What is the meaning finite minimal cover?

Question

In this lemma, it mentioned finite minimal cover. My question is this:

What is the meaning finite minimal cover?

Thanks.

Answer 1

From the proof, it is pretty clear that they mean a finite cover with no proper subset which also covers. Copying the proof given in Hodel's article:

... suppose Miščenko's lemma is false, and let $\{ \mathscr{A}_\alpha : 0 \leq \alpha < \kappa^+ \}$ be a collection of distinct finite minimal covers of $E$ by elements of $\mathscr{A}$. By the $\Delta$-system lemma, there is a subset $T$ of $\kappa^+$ with $| T | = \kappa^+$, and a subset $\mathscr{F}$ of $\mathscr{A}$ such that $\mathscr{A}_\alpha \cap \mathscr{A}_\beta = \mathscr{F}$ for $\alpha , \beta \in T$, $\alpha \neq \beta$. Let $p \in E$, $p \notin \bigcup \mathscr{F}$.

(To show $\bigcup \mathscr{F} \neq E$, chose $\alpha \in T$ such that $\mathscr{A}_\alpha \neq \mathscr{F}$ and use the fact that $\mathscr{A}$ is a minimal cover of $E$.)

For each $\alpha \in T$ choose $A_\alpha \in \mathscr{A}_\alpha$ such that $p \in A_\alpha$. Let $\alpha , \beta \in T$, $\alpha \neq \beta$. Since $p \notin \bigcup \mathscr{F}$ and $\mathscr{A}_\alpha \cap \mathscr{A}_\beta = \mathscr{F}$, it follows that $A_\alpha \neq A_\beta$. Hence $\mathrm{ord} ( p , \mathscr{A} ) = \kappa^+$, a contradiction.

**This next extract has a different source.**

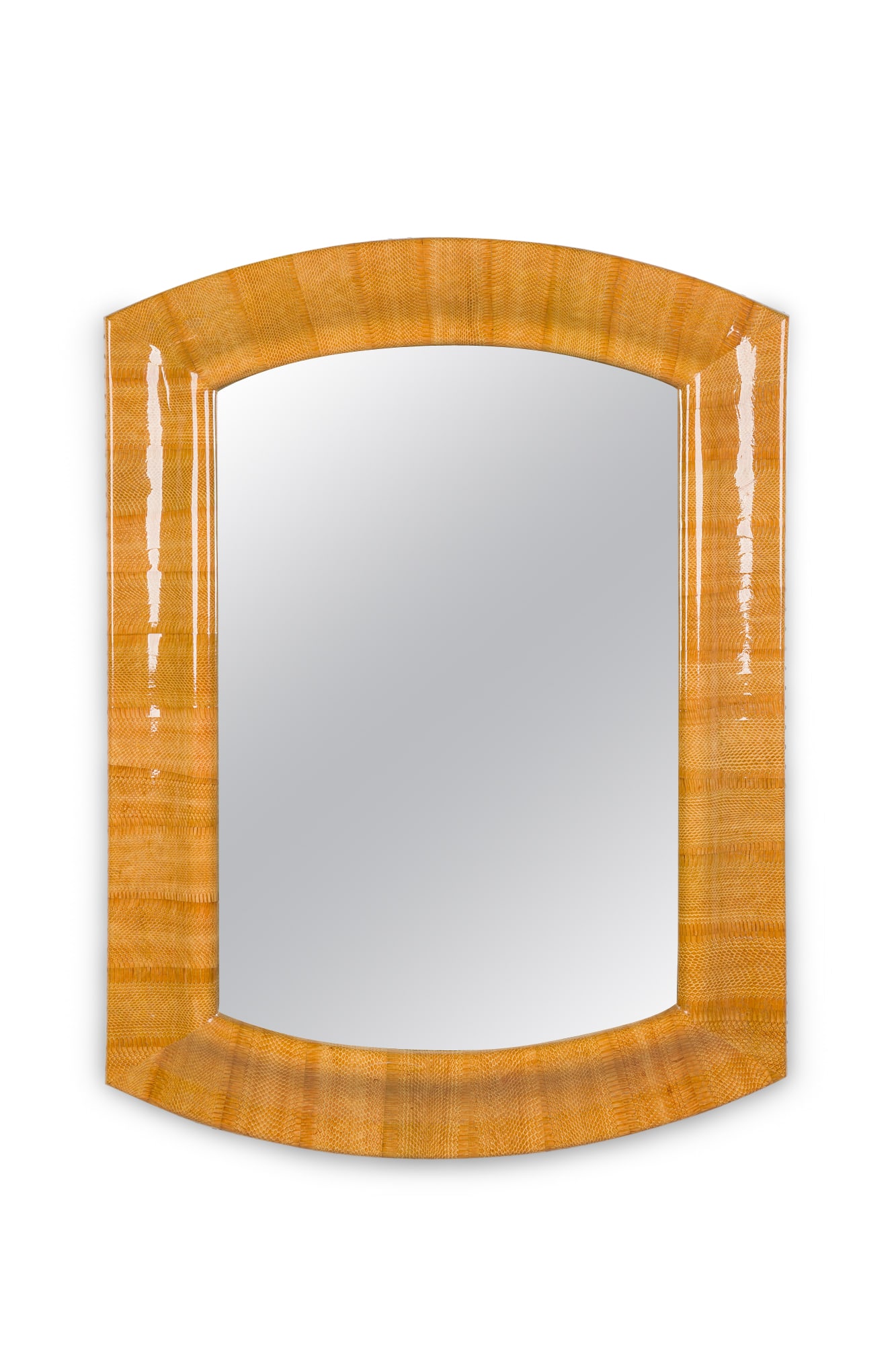 Karl Springer, snakeskin clad wall mirror: c. 1980, USA, of rectangular form with curved top and bottom,clad in a light brown faux snakeskin leather, 46.5"h x 34.5"w x 1.5"d Category: Wall Mirrors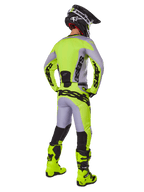 Motocyklista motocrossowy widoczny od tyłu w zestawie Alpinestars 2025 Racer Veil, szaro-neonowożółta koszulka i spodnie, dopasowane neonowożółte buty oraz czarno-żółty kask, skoordynowany strój do wyścigów terenowych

The separated line, justifying that such a $p \in E$ can be chosen, requires that $\mathscr{F}$ is not a cover of $E$ itself. They do this by noting that $\mathscr{F} \subsetneq \mathscr{A}_\alpha$ for some $\alpha \in T$ and refer to the minimality of $\mathscr{A}_\alpha$, which makes the natural definition that no proper subset of $\mathscr{A}_\alpha$ also covers $E$.